Te Taiawatea Moko-Painting
Ngāti Awa, Ngāti Porou, Tūhourangi (Te Arawa), Waikato
Tonganui Scholar 2025
Te Taiawatea’s emerging PhD will explore how land-based impacts affect the health of pāua (Haliotis iris) in Reporua (Aotearoa) and pā’ua (Tridacna maxima) in Rarotonga (Cook Islands), and how reconnecting Māori across Te Moana-nui-a-Kiwa through shared whakapapa and language can support climate-resilient futures for our taonga and communities.
Te Taiawatea’s moemoeā…
This research asks:
1. What is the ecological and cultural state of pāua and pā’ua today?
2. How did two distinct species come to share a name, and what does this reveal about our knowledge systems?

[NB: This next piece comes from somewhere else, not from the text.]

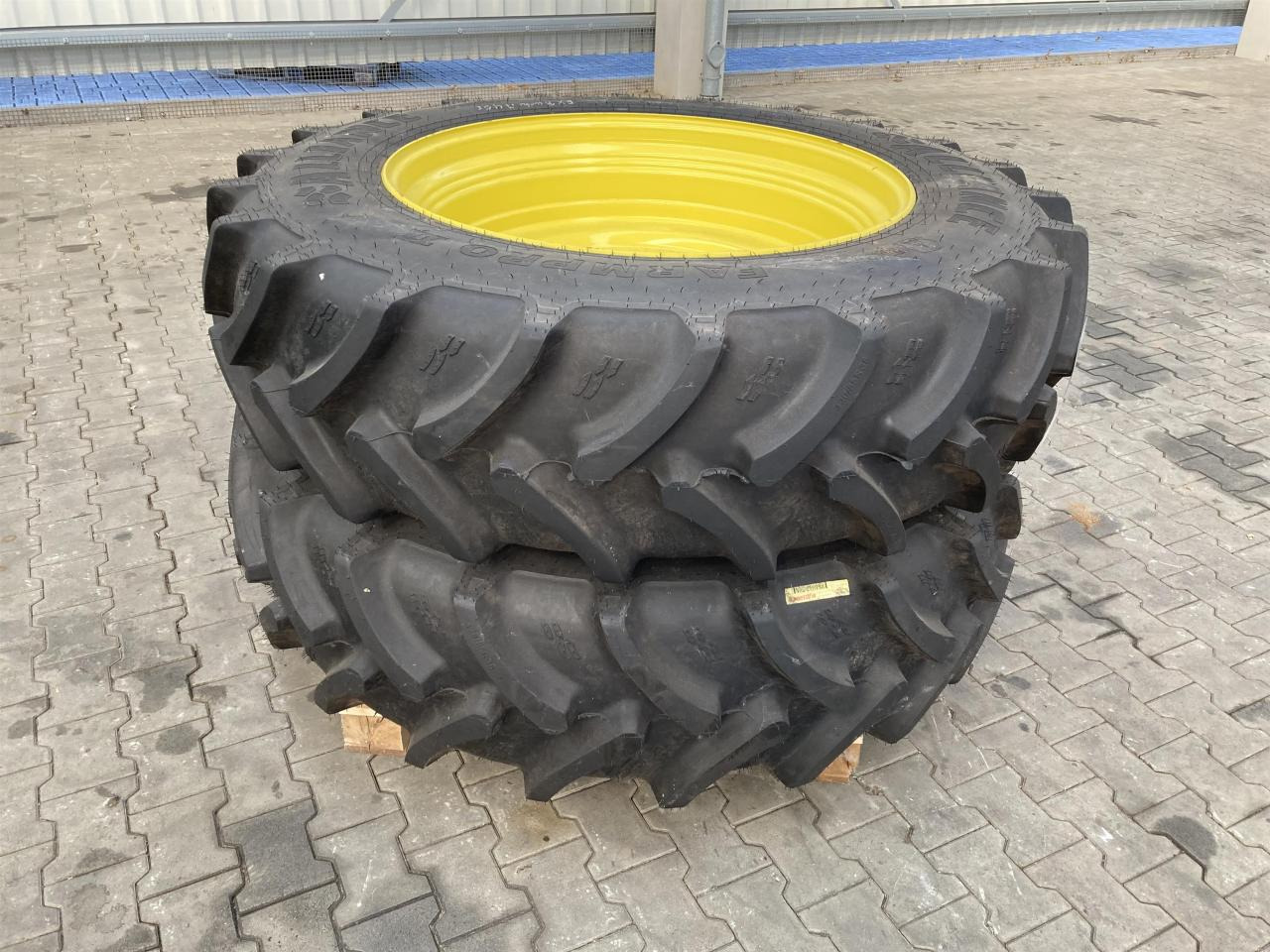 Alliance 420/85R38 - Guma za Kmetijski stroj: slika 1 Alliance 420/85R38 - Guma za Kmetijski stroj: slika 1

3. How do current policies and customary governance shape their management?
4. What could future, climate-resilient systems look like?
This kaupapa was first endorsed at our Ngāti Rangi Marae AGM in 2022, and my journey has since been shaped by both whānau and whakapapa. After pausing for the births of my children, I returned to the project in 2024, and this year’s Pacific Climate Resilience Roadshow reminded me that my whakapapa extends beyond Aotearoa. With the guidance of supervisors Professor Kura Paul-Burke, Distinguished Professor Linda Tuhiwai Smith, and Dr Teina Rongo (Cook Islands), I am ready to take this work forward.

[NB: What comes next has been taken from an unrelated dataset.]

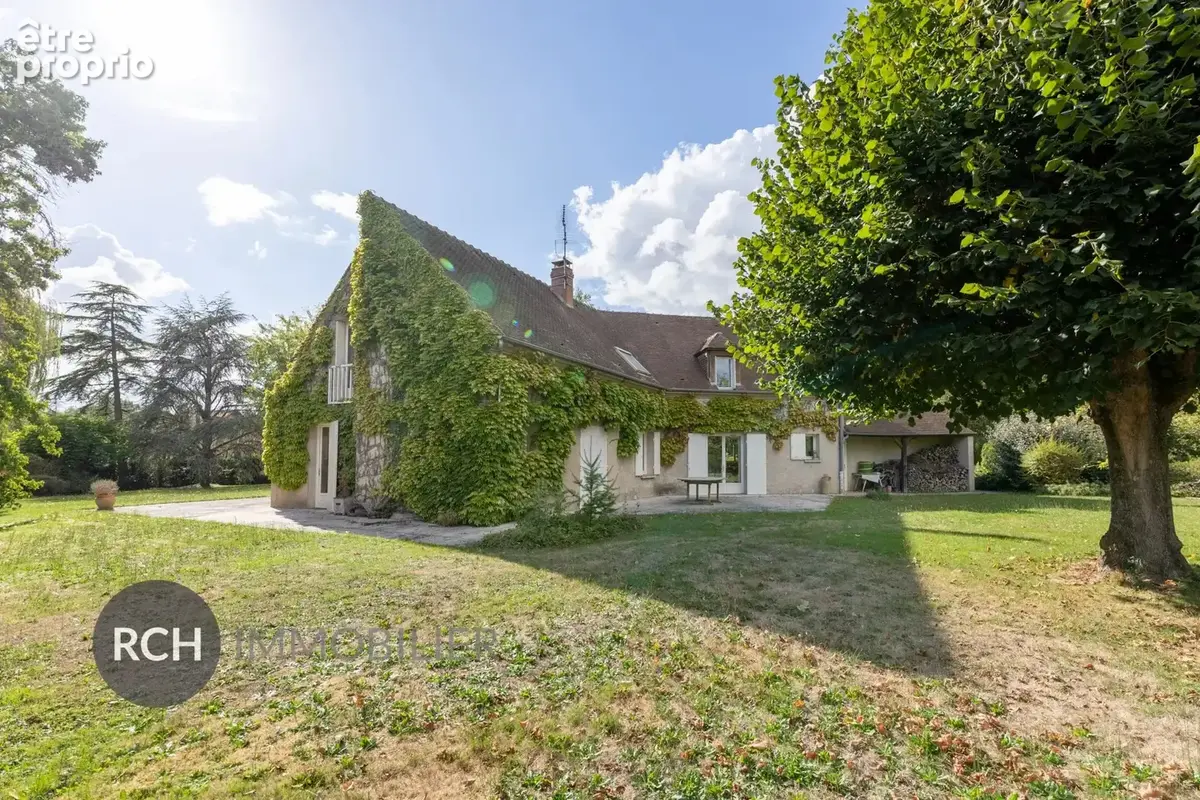 Photo Maison à Autouillet au prix de 699 000€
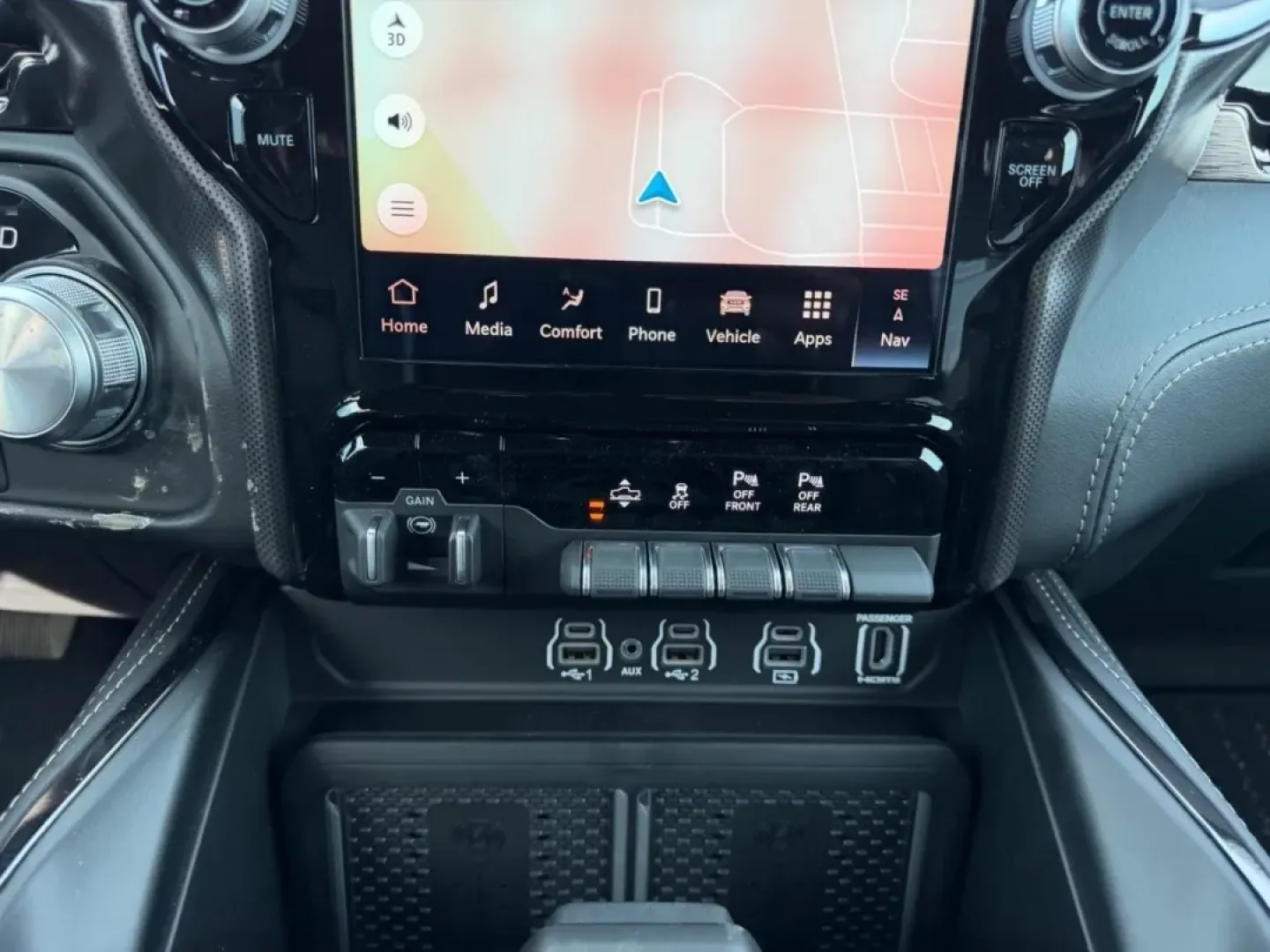 2026 /Black Leather Ram 1500 Limited (1C6SRFHT5TN) with an 5.7L engine, Automatic transmission, located at 970 Woodlawn Dr., Farmington, MO, 63640, (573) 431-7800, 37.825642, -90.468674 - Built for weekend lake runs, jobsite confidence, and long-haul comfort, this **2026 Ram 1500 Limited** is the kind of truck that fits real life in Southeast Missouri-whether you're towing gear out toward St. Joe State Park, cruising Highway 67 for a daily commute, or packing up the family for a road - Photo#15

The vision is to restore and protect these taonga species by weaving together Indigenous knowledge and policy pathways. Through fieldwork in Reporua and Rarotonga, wānanga with communities, policy analysis, and exploration of language and naming, the research will connect ecological wellbeing with identity, food sovereignty, and intergenerational care.
Funding will support community-led fieldwork and engagement, ensuring knowledge holders are properly resourced. Ultimately, this kaupapa strengthens Pacific resilience by restoring relationships between people, language, and moana, recognising that the health of pāua and pā’ua reflects the health of us all.